Он вдруг застыл, осененный догадкой. Поднес пальцы к глазам, потом к носу… И, тихо выругавшись, зашарил взглядом вокруг себя. Проклятых перчаток нигде не наблюдалось.
– Вот же брехло!.. – сквозь зубы прошипел сэконунг. И, спохватившись, торопливо вытер руку о штаны.
Глава 26
Бедняцкие окраины уже почти остались позади. Внушительный отряд из двух дюжин всадников медленно поднимался вверх по извилистой улочке: бряцала конская упряжь, дворовые шавки заливались вослед хриплым лаем, а впереди, восторженно вопя и улюлюкая, неслась стайка чумазых мальчишек. Головные воины сурово покрикивали на сорванцов, то и дело сующихся под копыта, но больше для острастки. Кто из них не был ребенком?
– А ну, кыш, мелюзга! – услышала Нэрис нарочито грозный рык Жилы. – Вот я кого-то щас кнутом огрею!..
В ответ дружиннику донесся радостный визг. Норманн насупил брови и, легонько ткнув пятками в бока своего коня, выбился из строя, будто намереваясь сей же час броситься в погоню. Мальчишки, вереща, сыпанули в стороны. Только один смельчак лет шести от роду – румяный, в драном тулупчике – взлетел на чью-то изгородь и показал бойцу язык.
– Не заловишь! – весело крикнул он. – Нипочем не заловишь, бе-э-э!..
– Ах, не заловлю?! – Жила страшно завращал глазами и приподнялся в седле.

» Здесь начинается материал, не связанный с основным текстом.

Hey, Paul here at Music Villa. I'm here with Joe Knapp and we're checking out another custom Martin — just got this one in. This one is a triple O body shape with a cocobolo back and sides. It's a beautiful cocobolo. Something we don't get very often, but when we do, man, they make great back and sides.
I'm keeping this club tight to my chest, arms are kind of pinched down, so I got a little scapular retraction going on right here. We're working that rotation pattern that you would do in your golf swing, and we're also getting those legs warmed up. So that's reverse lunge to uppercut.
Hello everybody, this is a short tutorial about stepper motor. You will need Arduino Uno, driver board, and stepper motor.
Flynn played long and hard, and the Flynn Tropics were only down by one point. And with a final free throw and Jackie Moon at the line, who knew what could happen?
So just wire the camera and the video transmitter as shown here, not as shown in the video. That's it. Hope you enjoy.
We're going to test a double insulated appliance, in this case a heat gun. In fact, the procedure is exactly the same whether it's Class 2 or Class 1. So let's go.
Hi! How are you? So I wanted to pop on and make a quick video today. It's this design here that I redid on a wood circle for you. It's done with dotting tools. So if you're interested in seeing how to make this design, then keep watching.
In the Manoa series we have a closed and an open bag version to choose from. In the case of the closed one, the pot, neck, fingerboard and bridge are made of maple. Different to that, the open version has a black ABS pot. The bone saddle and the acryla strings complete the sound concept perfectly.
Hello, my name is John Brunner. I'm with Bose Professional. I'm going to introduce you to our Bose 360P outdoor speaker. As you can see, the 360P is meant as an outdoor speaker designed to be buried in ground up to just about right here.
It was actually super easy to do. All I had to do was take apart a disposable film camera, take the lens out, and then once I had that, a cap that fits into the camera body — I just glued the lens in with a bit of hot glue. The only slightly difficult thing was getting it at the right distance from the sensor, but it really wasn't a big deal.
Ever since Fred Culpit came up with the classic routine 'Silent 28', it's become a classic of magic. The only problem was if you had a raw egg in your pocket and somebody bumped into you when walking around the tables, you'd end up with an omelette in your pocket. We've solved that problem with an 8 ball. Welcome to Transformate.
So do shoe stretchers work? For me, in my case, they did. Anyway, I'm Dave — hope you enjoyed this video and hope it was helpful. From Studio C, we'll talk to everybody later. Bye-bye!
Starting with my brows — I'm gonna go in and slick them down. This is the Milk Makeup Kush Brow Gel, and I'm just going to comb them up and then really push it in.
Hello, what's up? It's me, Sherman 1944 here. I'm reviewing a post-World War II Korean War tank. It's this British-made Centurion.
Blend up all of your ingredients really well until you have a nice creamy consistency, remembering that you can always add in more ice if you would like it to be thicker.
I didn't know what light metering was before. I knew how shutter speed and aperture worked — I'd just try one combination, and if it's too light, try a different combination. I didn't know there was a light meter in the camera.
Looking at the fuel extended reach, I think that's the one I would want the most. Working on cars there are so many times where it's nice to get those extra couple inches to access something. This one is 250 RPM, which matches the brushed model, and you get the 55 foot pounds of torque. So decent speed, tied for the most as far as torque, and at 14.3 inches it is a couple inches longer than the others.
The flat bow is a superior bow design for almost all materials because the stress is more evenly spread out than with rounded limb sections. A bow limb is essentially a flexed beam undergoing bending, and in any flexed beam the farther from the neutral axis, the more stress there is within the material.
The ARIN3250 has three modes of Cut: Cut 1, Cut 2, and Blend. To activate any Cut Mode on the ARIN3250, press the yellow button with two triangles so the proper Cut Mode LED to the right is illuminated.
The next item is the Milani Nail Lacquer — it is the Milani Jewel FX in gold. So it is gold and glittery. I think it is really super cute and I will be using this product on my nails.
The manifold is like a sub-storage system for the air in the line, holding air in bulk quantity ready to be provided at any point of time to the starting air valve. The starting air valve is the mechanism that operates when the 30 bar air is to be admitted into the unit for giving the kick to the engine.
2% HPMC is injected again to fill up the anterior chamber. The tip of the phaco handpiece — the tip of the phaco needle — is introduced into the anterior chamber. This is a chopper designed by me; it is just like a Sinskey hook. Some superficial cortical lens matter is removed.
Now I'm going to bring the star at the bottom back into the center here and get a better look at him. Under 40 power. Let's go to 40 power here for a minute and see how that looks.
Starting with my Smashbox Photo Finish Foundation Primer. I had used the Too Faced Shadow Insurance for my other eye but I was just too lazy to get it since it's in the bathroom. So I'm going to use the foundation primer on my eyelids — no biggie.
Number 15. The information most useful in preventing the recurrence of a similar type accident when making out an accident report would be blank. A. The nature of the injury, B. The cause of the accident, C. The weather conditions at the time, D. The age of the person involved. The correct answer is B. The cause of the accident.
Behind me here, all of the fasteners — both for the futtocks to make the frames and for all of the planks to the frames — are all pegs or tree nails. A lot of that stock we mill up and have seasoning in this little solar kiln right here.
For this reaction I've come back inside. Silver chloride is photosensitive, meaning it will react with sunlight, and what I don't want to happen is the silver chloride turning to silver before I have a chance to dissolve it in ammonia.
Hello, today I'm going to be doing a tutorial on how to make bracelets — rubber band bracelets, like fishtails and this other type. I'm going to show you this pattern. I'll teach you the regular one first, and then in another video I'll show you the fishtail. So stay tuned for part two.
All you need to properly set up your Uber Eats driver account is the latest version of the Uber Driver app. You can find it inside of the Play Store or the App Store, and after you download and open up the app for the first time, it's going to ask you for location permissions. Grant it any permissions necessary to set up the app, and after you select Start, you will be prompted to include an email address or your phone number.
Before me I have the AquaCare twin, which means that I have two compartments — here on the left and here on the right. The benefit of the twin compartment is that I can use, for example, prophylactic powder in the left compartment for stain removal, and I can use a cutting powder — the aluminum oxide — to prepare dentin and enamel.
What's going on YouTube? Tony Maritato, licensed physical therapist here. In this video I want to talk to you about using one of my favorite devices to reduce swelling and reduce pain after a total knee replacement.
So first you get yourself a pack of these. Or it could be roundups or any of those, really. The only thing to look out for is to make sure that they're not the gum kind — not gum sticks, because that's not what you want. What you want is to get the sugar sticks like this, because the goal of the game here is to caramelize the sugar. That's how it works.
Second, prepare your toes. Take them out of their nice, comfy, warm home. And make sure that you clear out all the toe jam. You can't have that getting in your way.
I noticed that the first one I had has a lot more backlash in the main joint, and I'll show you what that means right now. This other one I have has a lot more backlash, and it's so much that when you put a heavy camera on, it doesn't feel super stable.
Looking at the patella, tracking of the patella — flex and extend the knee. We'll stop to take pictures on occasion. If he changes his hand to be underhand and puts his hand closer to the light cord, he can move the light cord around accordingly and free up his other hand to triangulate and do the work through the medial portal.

Сорванец, торжествующе хохоча, исчез за забором. Леди Мак-Лайон прыснула в воротник, глядя, как по уши довольный дружинник возвращается в строй. «Мужчины иногда совсем как дети. А уж корчат-то из себя сильных да важных!..» Улыбка ее стала шире – вспомнилось, как прошлой зимой первый советник кроля Шотландии был застукан собственной тещей за бодрыми скачками на четвереньках по сугробам в компании веселящихся отпрысков. Чопорная госпожа Максвелл зятю и слова не сказала, но, как потом признался Нэрис сконфуженный супруг, он «окончательно потерял в ее глазах всякое уважение». Это, конечно, было не так, но Нэрис отдала бы многое, чтобы увидеть ту уморительную сцену своими глазами. «А еще гончая, называется, – не без самодовольства подумала она. – Я вот ни разу не попадалась!»
– Шустер пострел, – поймав смеющийся взгляд леди, с притворным сожалением сказал Жила. – Но кабы не изгородь, уж мы бы еще посмотрели…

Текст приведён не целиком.